Windows Phone 7 developer device
Microsoft is planning to unveil and detail a second Windows Phone 7 update in February.
The software giant has chosen the Mobile World Congress venue according to sources familiar with the plans. Microsoft CEO Steve Ballmer is due to hold a keynote at the event and Microsoft’s press event will mark a year from when the company first unveiled Windows Phone 7 to the world. According to a source who spoke to WinRumors, Microsoft’s second update will be a significant one. The company is currently planning to unveil a first update, to introduce copy and paste functionality, in January at the Consumer Electronics Show (CES). Microsoft recently began distributing the copy and paste update to developer devices (see video here).

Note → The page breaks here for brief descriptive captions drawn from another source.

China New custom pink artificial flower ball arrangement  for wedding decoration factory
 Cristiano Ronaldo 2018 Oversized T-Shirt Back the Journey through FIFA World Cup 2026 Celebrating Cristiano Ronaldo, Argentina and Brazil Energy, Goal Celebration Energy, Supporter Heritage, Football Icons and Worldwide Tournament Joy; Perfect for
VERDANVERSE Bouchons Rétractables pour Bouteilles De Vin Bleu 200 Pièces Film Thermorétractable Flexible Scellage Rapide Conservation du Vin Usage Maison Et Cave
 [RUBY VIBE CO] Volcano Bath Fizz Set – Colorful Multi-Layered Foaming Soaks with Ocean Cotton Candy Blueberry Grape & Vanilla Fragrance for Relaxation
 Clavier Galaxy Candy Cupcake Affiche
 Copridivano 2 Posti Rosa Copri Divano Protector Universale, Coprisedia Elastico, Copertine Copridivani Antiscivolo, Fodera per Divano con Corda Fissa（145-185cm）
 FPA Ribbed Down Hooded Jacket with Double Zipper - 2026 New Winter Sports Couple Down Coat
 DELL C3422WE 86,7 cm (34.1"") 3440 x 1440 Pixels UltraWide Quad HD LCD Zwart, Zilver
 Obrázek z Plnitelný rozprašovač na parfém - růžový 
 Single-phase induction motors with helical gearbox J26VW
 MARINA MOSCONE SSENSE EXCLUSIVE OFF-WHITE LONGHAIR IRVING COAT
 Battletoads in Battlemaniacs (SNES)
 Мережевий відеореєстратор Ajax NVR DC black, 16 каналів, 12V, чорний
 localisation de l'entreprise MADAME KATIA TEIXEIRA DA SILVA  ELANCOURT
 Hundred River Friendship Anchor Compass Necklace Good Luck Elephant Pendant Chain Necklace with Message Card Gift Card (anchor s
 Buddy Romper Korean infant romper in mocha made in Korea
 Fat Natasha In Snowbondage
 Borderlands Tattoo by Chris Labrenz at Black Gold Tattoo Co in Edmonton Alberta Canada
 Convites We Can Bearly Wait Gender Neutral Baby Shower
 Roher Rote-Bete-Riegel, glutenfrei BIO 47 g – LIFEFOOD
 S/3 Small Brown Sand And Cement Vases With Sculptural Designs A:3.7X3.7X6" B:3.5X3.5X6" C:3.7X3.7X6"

Microsoft’s second update will introduce enhanced developer controls for applications. Microsoft is expected to open up several new APIs that will allow for greater multi-tasking, in-app downloads and better customization for end users. Microsoft is currently compiling beta builds of the update and has shipped some early bits to external beta testers. One tester, who did not want to be named, claimed the update will excite developers. “The update includes some great new features for developers, Windows Phone 7 apps in 2011 will certainly become more interesting.”
Microsoft is also set to unveil its plans for a Silverlight update to Windows Phone 7 at Mobile World Congress. Brian Keller, Senior Technical Evangelist for Visual Studio application lifecycle management at Microsoft hinted at Microsoft’s future Silverlight plans in a recent Channel 9 interview. When questioned over any Windows Phone 7 Silverlight news Keller replied “I think we are saving those, for say another event. If only there was a massive event in Barcelona on mobile phones and or other events in the future.”
Microsoft is also working on a major overhaul of the Windows Phone 7 browser. In a job posting, listed in November, the software maker promises a “major overhaul of standard support and new approaches to make significant advances in performance, power consumption and bandwidth utilization.” It’s possible that part of the overhaul could be seen in the point release in February but most of the significant changes will be reserved for the upcoming Windows Phone 8 update.